Collected data entries
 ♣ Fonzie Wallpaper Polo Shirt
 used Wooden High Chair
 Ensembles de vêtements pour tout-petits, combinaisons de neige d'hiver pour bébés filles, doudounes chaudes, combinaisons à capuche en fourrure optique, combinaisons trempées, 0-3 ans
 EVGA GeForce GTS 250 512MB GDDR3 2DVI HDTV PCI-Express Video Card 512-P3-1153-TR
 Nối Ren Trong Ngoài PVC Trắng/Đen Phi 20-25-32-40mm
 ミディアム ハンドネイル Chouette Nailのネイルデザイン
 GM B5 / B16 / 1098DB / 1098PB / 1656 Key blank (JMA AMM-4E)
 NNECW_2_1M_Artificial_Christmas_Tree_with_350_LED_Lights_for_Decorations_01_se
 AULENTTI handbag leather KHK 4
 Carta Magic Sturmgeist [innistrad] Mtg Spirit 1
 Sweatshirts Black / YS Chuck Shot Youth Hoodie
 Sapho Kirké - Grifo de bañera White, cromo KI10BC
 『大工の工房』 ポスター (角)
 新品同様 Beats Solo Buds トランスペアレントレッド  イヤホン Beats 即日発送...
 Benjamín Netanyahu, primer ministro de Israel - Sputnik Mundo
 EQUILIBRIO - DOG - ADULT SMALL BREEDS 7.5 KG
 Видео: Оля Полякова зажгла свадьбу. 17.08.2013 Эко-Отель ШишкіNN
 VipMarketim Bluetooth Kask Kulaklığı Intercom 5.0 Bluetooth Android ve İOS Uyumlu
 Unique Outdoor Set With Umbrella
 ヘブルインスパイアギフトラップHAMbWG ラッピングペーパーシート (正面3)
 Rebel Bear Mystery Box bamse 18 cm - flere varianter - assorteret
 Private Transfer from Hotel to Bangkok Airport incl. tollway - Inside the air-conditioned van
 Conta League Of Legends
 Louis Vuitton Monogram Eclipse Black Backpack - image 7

* [TASK TO COMPLETE]
Copy the entries above exactly. Miss none of them.

* [RESPONSE]
 ♣ Fonzie Wallpaper Polo Shirt
 used Wooden High Chair
 Ensembles de vêtements pour tout-petits, combinaisons de neige d'hiver pour bébés filles, doudounes chaudes, combinaisons à capuche en fourrure optique, combinaisons trempées, 0-3 ans
 EVGA GeForce GTS 250 512MB GDDR3 2DVI HDTV PCI-Express Video Card 512-P3-1153-TR
 Nối Ren Trong Ngoài PVC Trắng/Đen Phi 20-25-32-40mm
 ミディアム ハンドネイル Chouette Nailのネイルデザイン
 GM B5 / B16 / 1098DB / 1098PB / 1656 Key blank (JMA AMM-4E)
 NNECW_2_1M_Artificial_Christmas_Tree_with_350_LED_Lights_for_Decorations_01_se
 AULENTTI handbag leather KHK 4
 Carta Magic Sturmgeist [innistrad] Mtg Spirit 1
 Sweatshirts Black / YS Chuck Shot Youth Hoodie
 Sapho Kirké - Grifo de bañera White, cromo KI10BC
 『大工の工房』 ポスター (角)
 新品同様 Beats Solo Buds トランスペアレントレッド  イヤホン Beats 即日発送...
 Benjamín Netanyahu, primer ministro de Israel - Sputnik Mundo
 EQUILIBRIO - DOG - ADULT SMALL BREEDS 7.5 KG
 Видео: Оля Полякова зажгла свадьбу. 17.08.2013 Эко-Отель ШишкіNN
 VipMarketim Bluetooth Kask Kulaklığı Intercom 5.0 Bluetooth Android ve İOS Uyumlu
 Unique Outdoor Set With Umbrella
 ヘブルインスパイアギフトラップHAMbWG ラッピングペーパーシート (正面3)
 Rebel Bear Mystery Box bamse 18 cm - flere varianter - assorteret
 Private Transfer from Hotel to Bangkok Airport incl. tollway - Inside the air-conditioned van
 Conta League Of Legends
 Louis Vuitton Monogram Eclipse Black Backpack - image 7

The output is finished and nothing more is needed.